Las analogías históricas ayudan a pensar por semejanza y contraste. Por más que busco una analogía con lo vivido estas semanas, más inédito me parece.
Violencia ha habido mucha en la historia de Chile. Menos que en otras partes y más circunscrita que permanente. Pero se nos olvida que la mayoría de nuestros grandes conflictos políticos los hemos resuelto a través de la violencia. Las guerras de Independencia fueron precisamente eso, guerras, pero las nuestras fueron guerras civiles. En el régimen republicano tuvimos tres revoluciones: la del 51 y la del 59 fueron en contra de la concentración del poder en el gobierno y una dura lucha regional que finalmente Santiago aplastó. La del 91 —guerra civil más que revolución— enfrentó nuevamente al Poder Ejecutivo con el Congreso, en uno de los episodios más violentos imaginables. Vino el golpe del 24, que fue un conflicto entre un Estado cooptado por las élites frente a sectores medios que demandaban un Estado social. Luego viene el 73, que sintetiza todos los conflictos juntos: políticos, sociales, económicos, internacionales y de modelos de sociedad. El 73 no fue ni revolución ni guerra civil, sino el uso total de la fuerza contra los opositores. El único gran conflicto político que no cobró muertos por muchas pasiones que desatara fue el religioso.

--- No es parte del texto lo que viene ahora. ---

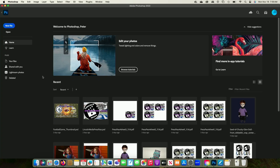Hey content creators, welcome to another tutorial. This one is going to be Photoshop animating, specifically frame by frame animation. So I'm going to come into Photoshop and right off the bat, click new file.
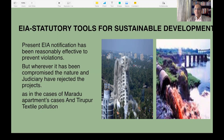If the authorities, project proponents, and homebuyers had exercised a bit of caution and evaluated this project with respect to the regulatory requirements, probably this money could have been saved. This is where EIA is essential and needs to be more seriously implemented to prevent such losses to the common people.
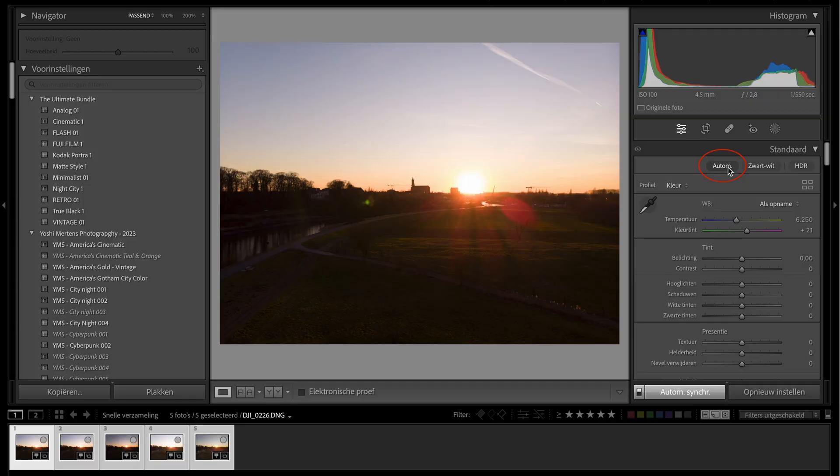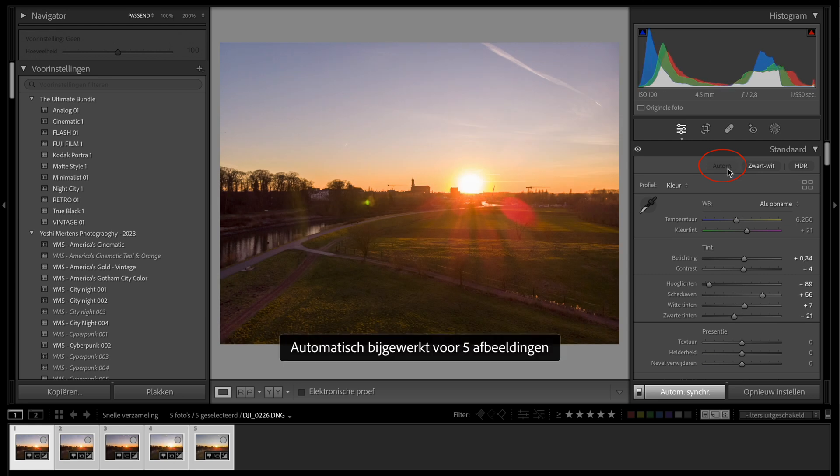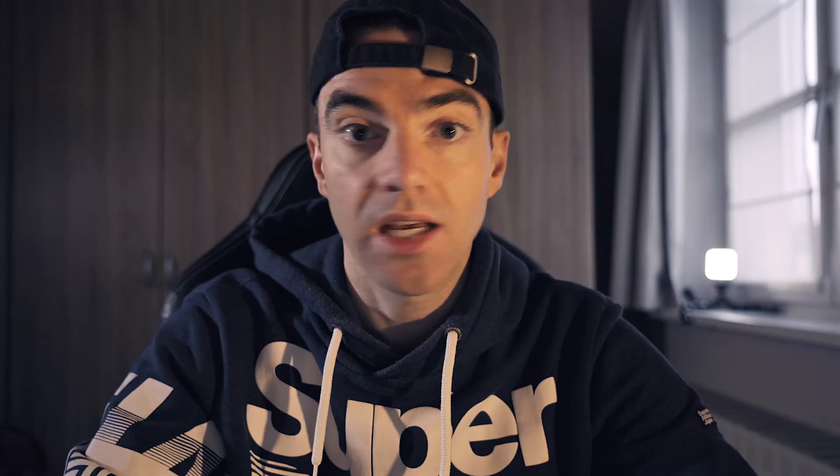Flip that button up so that it will automatically synchronize all settings, and then all you need to do is hit auto adjust all settings. From there you already have automatically applied settings to all your photos.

El estallido social de estas semanas está muy lejos de estos patrones, pues no se asoma, ni de lejos, una revolución, una guerra civil, ni un golpe de Estado. Sin embargo, la violencia ha sido avasalladora para los tiempos que corren. La de muchos de los manifestantes, la de los saqueadores y la de las fuerzas policiales, que resulta especialmente condenable en democracia. El sentimiento de rabia, de frustración y de abuso ha sido gigantesco, porque finalmente el sistema se ha sostenido en una promesa fundante: que la retribución del esfuerzo personal junto al apoyo del Estado sería la calidad de vida y la seguridad. Para al menos dos generaciones esa relación tuvo sentido hasta que en algún punto, hace quizás una década, la promesa pareció un fraude.
Si nuestros conflictos históricos han sido políticos, ideológicos, de clase en varios momentos, hoy es contra toda forma de poder en que se perciba que hay poco esfuerzo y mucho privilegio. Me pregunto entonces cuánta rabia ha habido en la historia de Chile. Sin duda, mucha, pero culturalmente distinta en el tiempo.

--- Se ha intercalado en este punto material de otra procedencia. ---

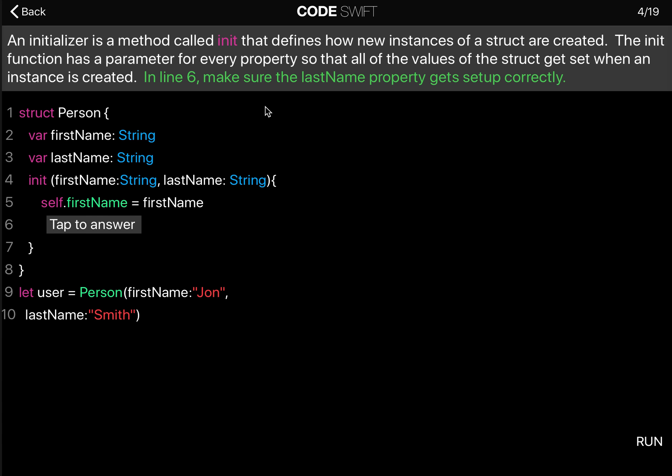An initializer is a method called init that defines how new instances of a struct are created. The init function has a parameter for every property so that all of the values of the struct get set when an instance is created.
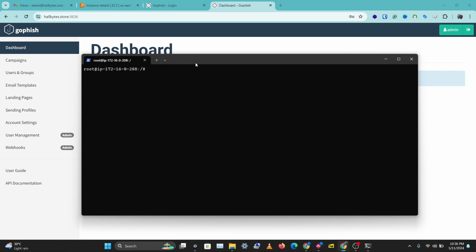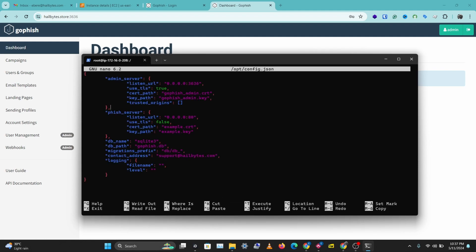I'm going to reuse those certificates. Since we already have them set up in our opt directory, we just need to change a few things in our config file. I'll go into my GoFish config file — nano opt/config.json — and this is our GoFish config file. As you can see, the admin server has the certificate we issued here on port 3636, and we just want to reuse this certificate on our fish server.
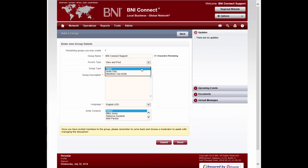You can choose an invite-only group, which means that it will be hidden from the searches, and only the owner and moderators can invite people to join the group. Or you can choose a Members Can Invite group. That type of group will still be hidden, but any member, including the moderators and the owners, will be able to invite to that group.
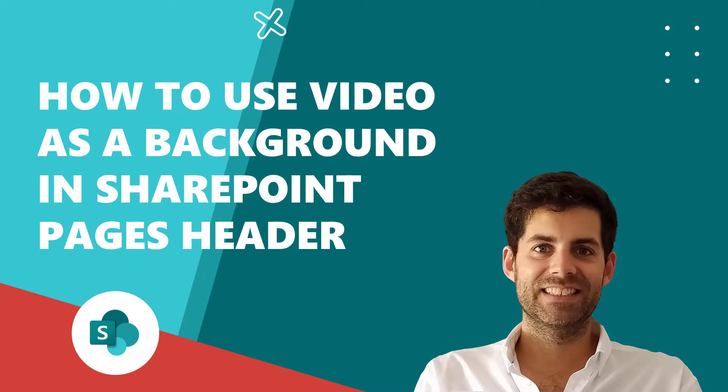Hello and welcome to another Microsoft 365 video. On today's episode I will explain how you can change the way your SharePoint pages look by replacing the static background images in the header with videos that will help you increase user engagement with your SharePoint pages.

En la pobreza del pasado —aunque algunos sostienen que el tema hoy no es si Chile fue más pobre o rico en los últimos dos siglos—, la rabia se manifestó en los movimientos populares organizados. Posiblemente, en una gran mayoría reinó una desoladora desesperanza. Esa desesperanza en que no hay futuro distinto al pasado. La política imprimió en las mayorías esta idea de un futuro a construir. Por eso ella, de la mano de la educación pública, articuló en parte al país. Y ese fue el tejido social al que el sistema económico de Pinochet no le otorgó valor alguno, porque no creía en la cultura generada por la historia.
La democracia, específicamente los gobiernos de la Concertación, le dio un nuevo sentido a ese tejido histórico insertándolo en los nuevos contextos culturales e internacionales. Y fue exitosa. Luego se desvaneció.
Aventuro entonces que la rabia de hoy se distingue por la frustración del sentido de futuro que la democracia y la economía hicieron posible. Por lo mismo, la crisis de hoy es profundamente política, aunque no se articule en un proyecto a la antigua usanza. No hay dictaduras del proletariado ni fascismos ad portas. Sí hay conceptos distintos de democracia, Estado y mercado. Pero ya no basta con eso. La rabia, esta nueva rabia, no tiene domicilio político. El fascismo populista no ha sacado sus garras porque todavía son muy cortas, pero pueden crecer y dar un zarpazo.
Es en este contexto que reflota una nueva Constitución. Ninguna de las constituciones de la historia de Chile se promulgó en democracia, ni la de 1833, ni la de 1925, y menos la de 1980. Las tres son hijas de conflictos que se resolvieron por la fuerza. Sin embargo, cada una de ellas se legitimó democráticamente, en la práctica, a través de sucesivas reformas. Si hay una nueva, sería la primera formalmente promulgada en democracia. Ya no se podrán esconder bajo el pragmatismo los distintos y también opuestos conceptos que se tienen de ella. Pero, por analogía, no puede ser solo hija, sino guardiana de la democracia.
La historia es siempre incierta, pero habrá que preguntarse seriamente si además de la crítica, si además del cambio necesario, hay algo que defender de aquello que tenemos.